Ce sera peut-être le moment le plus fort de la compétition du Festival Paris Cinéma (bien qu’il reste encore beaucoup de films à découvrir !). Le nouveau film de Wang Xiaoshuai (Beijing Bicycle, Shanghai Dreams – Prix spécial du Jury à Cannes en 2005), lauréat de l’Ours d’argent au dernier Festival de Berlin, est une splendide réussite, un drame en apparence classique qui offre un regard inédit sur une partie de la société chinoise rarement vu à l’écran, la classe moyenne «supérieure» de Pékin, sans pour autant jouer la carte de la chronique sociale ou du mélo outrancier.

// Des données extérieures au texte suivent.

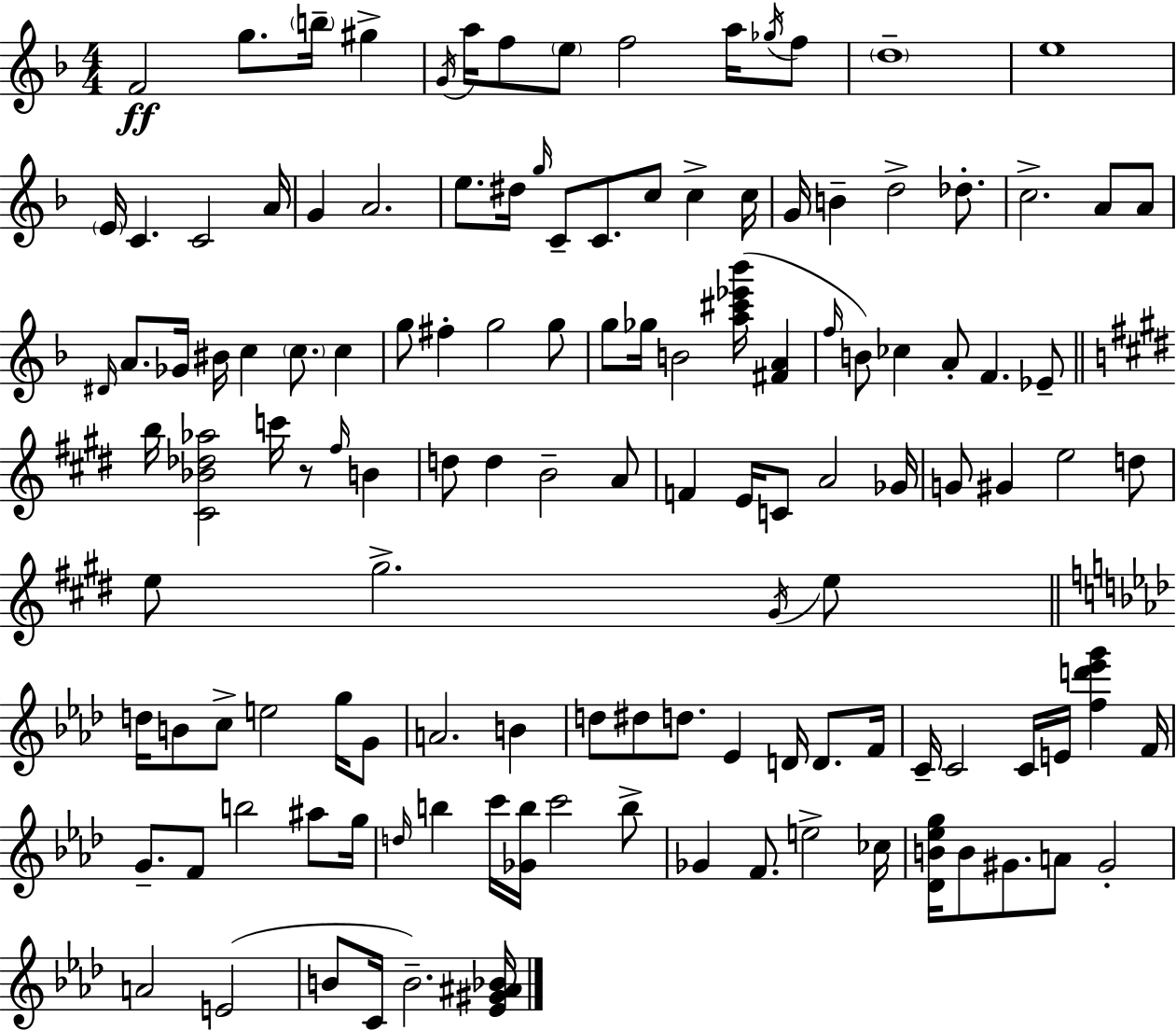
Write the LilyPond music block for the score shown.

L’histoire, pourtant, vaut son pesant de cacahuètes : un couple divorcé doit faire face à la leucémie foudroyante de sa petite fille de cinq ans. Mei Zhu, employée dans une agence immobilière, est remariée à Lao Xie, un graphiste qui a élevé la petite HeHe comme sa propre fille. Son ex-mari, Xiao Lu, maître d’œuvre sur des chantiers, est remarié à Dong Fan, une hôtesse de l’air boudeuse et capricieuse, qui n’apprécie guère le passé de son époux – d’ailleurs, celui-ci voit peu son enfant, qui ne sait même pas qu’il est son père biologique. Mais pour sauver la petite HeHe, Mei Zhu et Xiao Lu vont devoir prendre des décisions qui auront des répercussions sur leurs vies personnelles, mais également sur celles de leur entourage.
Le miracle accompli par Wang Xiaoshuai est double : celui d’émouvoir sans jamais tirer sur la corde sensible (une gageure vu le potentiel mélodramatique du sujet) et, parallèlement, de brosser par petites touches le portrait d’une société moderne, active et ouverte, qui doit composer – souvent inconsciemment – avec l’héritage culturel et politique du pays. Chaque personnage est merveilleusement travaillé, naviguant dans des zones de gris qui les rend imparfaits, touchants et agaçants à la fois – humains, en somme. Même le plus ingrat d’entre tous, l’hôtesse de l’air Dong Fan, est dessiné avec acuité et compassion. Toutes ces nuances, accentuées par une mise en scène toute en douceur et une lumière hivernale parfaitement adaptée, font d’Une famille chinoise (présenté à Paris Cinéma sous son titre international, In Love We Trust) l’une des plus beaux moments cinématographiques de l’année. On en reparlera lors de sa sortie en salles en France, en novembre.